Hay tres tipos de transeúntes enmascarillados con los que nos cruzamos a diario: los que te escrutan como a un enemigo, quienes te sonríen con los ojos y aquellos que ni miran, ni saben, ni contestan. Los primeros viven con miedo, y lo demuestran recelando del otro: si lleva mascarilla, porque es sospechoso, y si no la lleva, más aún. Puede que padezcan la llamada fiebre de la cabaña , una especie de síndrome de Estocolmo con el espacio que les ha enjaulado dos meses. Lo de fuera es pura incertidumbre, mientras que lo de dentro –los armarios, cajones o las sábanas hechas costumbre– trata de conservar la ilusión de orden. Se muestran huraños, como el preso que sale de primer permiso y a las pocas horas desea regresar a su celda. En su escrupulosa aprensión, no echan de menos el contacto con la piel ajena. Los segundos tal vez sientan miedo, pero no permiten que les agarrote la nuca. Ni se van corriendo al divisar un humanoide con perro en la otra acera, sino que dejan al suyo saludar al tuyo y olisquearle el culo. Los terceros, en cambio, no levantan la vista del teléfono; la vida que empieza a abrir los visillos no les interesa, tampoco los paseos de la tarde que convierten cualquier barrio en una rambla de verano. Avanzan ajenos a las sirenas y a los gritos de las madres, siempre más altos que los de sus críos que glorifican las vacaciones más largas de su vida.
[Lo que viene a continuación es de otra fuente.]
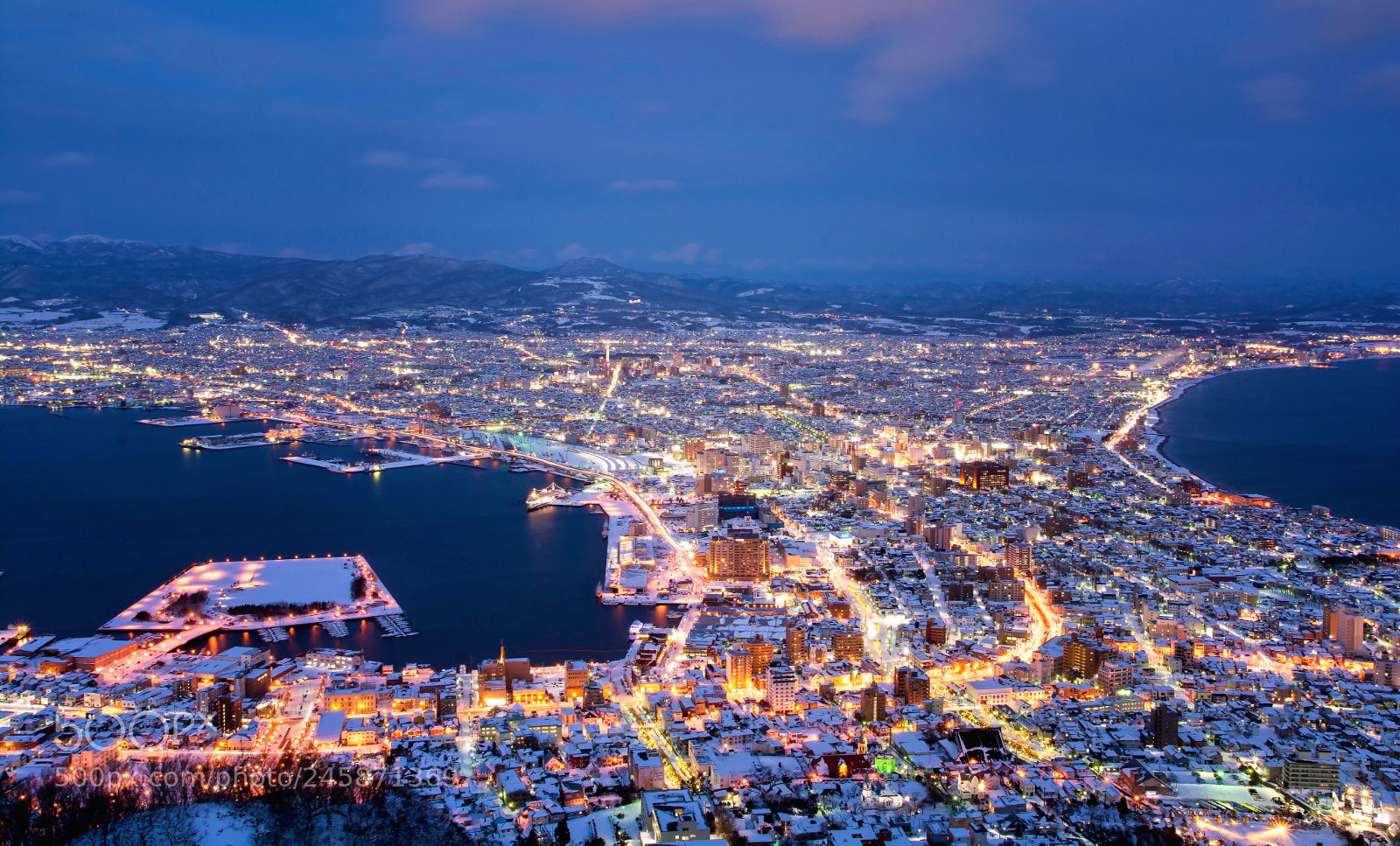 Nikon D7100 sample photo. 函馆夜景！ photography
En las panaderías, los transeúntes 1 y los 2 son incompatibles, igual que si hablaran dos lenguas distintas. Pero ambos, con la participación especial de los transeúntes 3, tienen que convivir en una larga cola, una hilera de individuos con mascarilla y guantes que aguardan su turno y mantienen la distancia según el nuevo protocolo. El día alargará los tiempos de espera, obligándonos a pedir cita para arreglar las gafas, y agrandará cualquier miniatura cotidiana hasta el extremo de que pronto empezaremos a prescindir de ellas. Parece como si la nueva normalidad estuviera llamada a someter las pocas fuerzas que les quedaban a los modales. Advierto una pérdida de la cortesía, también de la paciencia, que acabarán reventadas por manadas de transeúntes 1, iracundos e insolidarios, dispuestos a saltarse el turno de la cola, y de transeúntes 3, con los que nunca irá la cosa. Albert Camus, experto en pestes y absurdos, afirmaba que “el alma sosegada es la más firme”. La calma hoy es un bien de primera necesidad, pero hay ratos en que el espejo de la mirada se niega a sonreír con los ojos porque, cubierta por el bozal, del otro lado te llega una mueca con colmillos.